Misadventures in CSS

So I have spent the past two days updating various websites to make sure they looked nice and worked in all the various browsers, specifically Chrome, Firefox, and IE 8. As anybody who has spent any time at all working on CSS can tell you, programming for Firefox and Chrome is simple, Internet Explorer... not so much. There are several nuances that make Internet Explorer difficult, they have gotten better with IE 8 - I remember having to create entirely different CSS files, one for IE and one for other browsers - but as my headaches these past days can attest to, cross compliance is far from reality.
One specific issue I was having was formatting select elements, the drop down boxes with pre-populated values that are so common on HTML forms.
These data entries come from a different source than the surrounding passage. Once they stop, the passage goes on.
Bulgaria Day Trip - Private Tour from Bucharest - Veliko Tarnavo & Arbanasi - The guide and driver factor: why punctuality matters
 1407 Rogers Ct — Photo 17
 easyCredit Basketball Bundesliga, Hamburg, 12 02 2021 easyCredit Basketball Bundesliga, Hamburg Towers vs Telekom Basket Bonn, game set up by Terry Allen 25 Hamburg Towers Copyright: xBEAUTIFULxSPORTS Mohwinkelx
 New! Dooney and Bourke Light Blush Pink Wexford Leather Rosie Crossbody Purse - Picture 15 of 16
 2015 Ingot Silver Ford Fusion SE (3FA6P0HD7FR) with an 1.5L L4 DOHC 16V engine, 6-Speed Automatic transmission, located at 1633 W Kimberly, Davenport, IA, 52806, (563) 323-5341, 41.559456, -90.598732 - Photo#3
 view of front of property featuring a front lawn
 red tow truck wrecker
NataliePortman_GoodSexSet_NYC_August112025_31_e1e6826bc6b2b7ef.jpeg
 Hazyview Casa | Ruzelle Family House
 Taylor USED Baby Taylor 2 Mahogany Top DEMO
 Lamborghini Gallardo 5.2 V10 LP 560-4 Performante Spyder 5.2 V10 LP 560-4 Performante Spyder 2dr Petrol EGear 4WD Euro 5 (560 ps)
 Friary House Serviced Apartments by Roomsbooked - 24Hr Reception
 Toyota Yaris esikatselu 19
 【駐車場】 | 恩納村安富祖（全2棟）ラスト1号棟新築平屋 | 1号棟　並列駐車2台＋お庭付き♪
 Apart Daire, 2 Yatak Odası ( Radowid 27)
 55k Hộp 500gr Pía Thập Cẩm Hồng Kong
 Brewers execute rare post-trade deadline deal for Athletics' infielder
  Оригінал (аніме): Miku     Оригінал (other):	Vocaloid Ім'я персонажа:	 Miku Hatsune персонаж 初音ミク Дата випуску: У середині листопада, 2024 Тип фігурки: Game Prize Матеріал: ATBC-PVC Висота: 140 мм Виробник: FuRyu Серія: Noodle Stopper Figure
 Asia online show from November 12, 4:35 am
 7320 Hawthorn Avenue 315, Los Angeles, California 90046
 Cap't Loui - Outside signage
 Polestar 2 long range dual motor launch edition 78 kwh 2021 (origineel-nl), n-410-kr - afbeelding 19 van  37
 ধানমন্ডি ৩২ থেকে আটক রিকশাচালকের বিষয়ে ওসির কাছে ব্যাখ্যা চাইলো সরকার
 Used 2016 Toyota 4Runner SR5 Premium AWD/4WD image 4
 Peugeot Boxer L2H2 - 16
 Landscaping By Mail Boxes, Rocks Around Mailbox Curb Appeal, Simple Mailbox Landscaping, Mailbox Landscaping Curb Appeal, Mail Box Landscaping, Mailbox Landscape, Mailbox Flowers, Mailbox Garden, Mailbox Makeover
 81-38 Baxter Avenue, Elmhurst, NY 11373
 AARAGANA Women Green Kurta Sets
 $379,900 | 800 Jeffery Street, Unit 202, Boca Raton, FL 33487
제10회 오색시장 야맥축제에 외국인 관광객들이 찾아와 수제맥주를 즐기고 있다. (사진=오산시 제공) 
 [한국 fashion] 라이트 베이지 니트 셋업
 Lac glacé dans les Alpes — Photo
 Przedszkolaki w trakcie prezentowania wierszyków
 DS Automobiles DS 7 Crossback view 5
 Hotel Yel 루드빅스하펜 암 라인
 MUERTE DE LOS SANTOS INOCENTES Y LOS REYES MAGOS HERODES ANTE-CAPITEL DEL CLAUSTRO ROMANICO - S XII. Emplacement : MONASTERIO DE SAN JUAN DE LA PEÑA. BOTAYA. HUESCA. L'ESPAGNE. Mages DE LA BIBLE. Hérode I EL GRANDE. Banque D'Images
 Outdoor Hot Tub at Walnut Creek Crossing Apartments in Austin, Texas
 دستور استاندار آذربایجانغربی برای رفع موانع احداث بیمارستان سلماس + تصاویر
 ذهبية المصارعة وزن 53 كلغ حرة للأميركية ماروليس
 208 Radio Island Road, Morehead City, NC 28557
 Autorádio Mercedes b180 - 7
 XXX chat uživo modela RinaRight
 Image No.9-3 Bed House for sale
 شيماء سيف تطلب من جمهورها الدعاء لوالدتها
Specifically, my client needed added space between three elements, a date field, month field, and year field. Chrome automatically added in some space, but Internet Explorer and Firefox mashed all three fields together. "No problem," I thought to myself, "one quick CSS rule and I'll be on my way."

select{
     margin-right: 0.5em;
} 

A quick refresh and Firefox confirmed that this rule worked as expected, but alas, Internet Explorer did not want to play ball. Now, when updating a website lots of things could be the problem: is the CSS code even being reached? Is there a cached version still being used? Is there an error with the CSS? With the HTML? Using a hard-refresh (control-F5) to clear cache, and using Developer Tools to trace the CSS, I ruled out the first two possibilities, and since the code worked perfectly in Firefox and Chrome, one would think the other two were equally impossible. After a little tweaking I found the silly little bug, Internet Explorer cannot or will not style a select element without also styling the option element, the various dropdown options that appear when you click on the box. With that the working code for all three browsers is:

select{
     margin-right: 0.5em;
} 

option{
     margin-right: 0.5em;
} 

The other issue I had the pleasure of tangling with was getting an entire form to be centered on the page while keeping the elements left aligned with one another. Once again the fix for Firefox and Chrome was quite simple:

form{
     margin: 0 auto;
}

The shorthand for the margin command sets the top and bottom margins with the first value, and the left and right with the second. Since the left and right margins are both set to the same auto-computed value, the content becomes horizontally centered on the page. Of course, Internet Explorer chooses to ignore this command by default. This fix is deceptively simple though, and many programmers will not even notice the issue. The problem comes with Internet Explorer's Quirks mode, if a website does not specify an HTML Doctype, Internet Explorer defaults to an old, HTML 4 compliant version. To force an updated XHTML 1 rendering, place the following line at the VERY top of your webpage, even before the <html> tag.

<!DOCTYPE html PUBLIC “-//W3C//DTD XHTML 1.0 Strict//EN”
“http://www.w3.org/TR/xhtml1/DTD/xhtml1-strict.dtd”>

A simple fix to solve future headaches.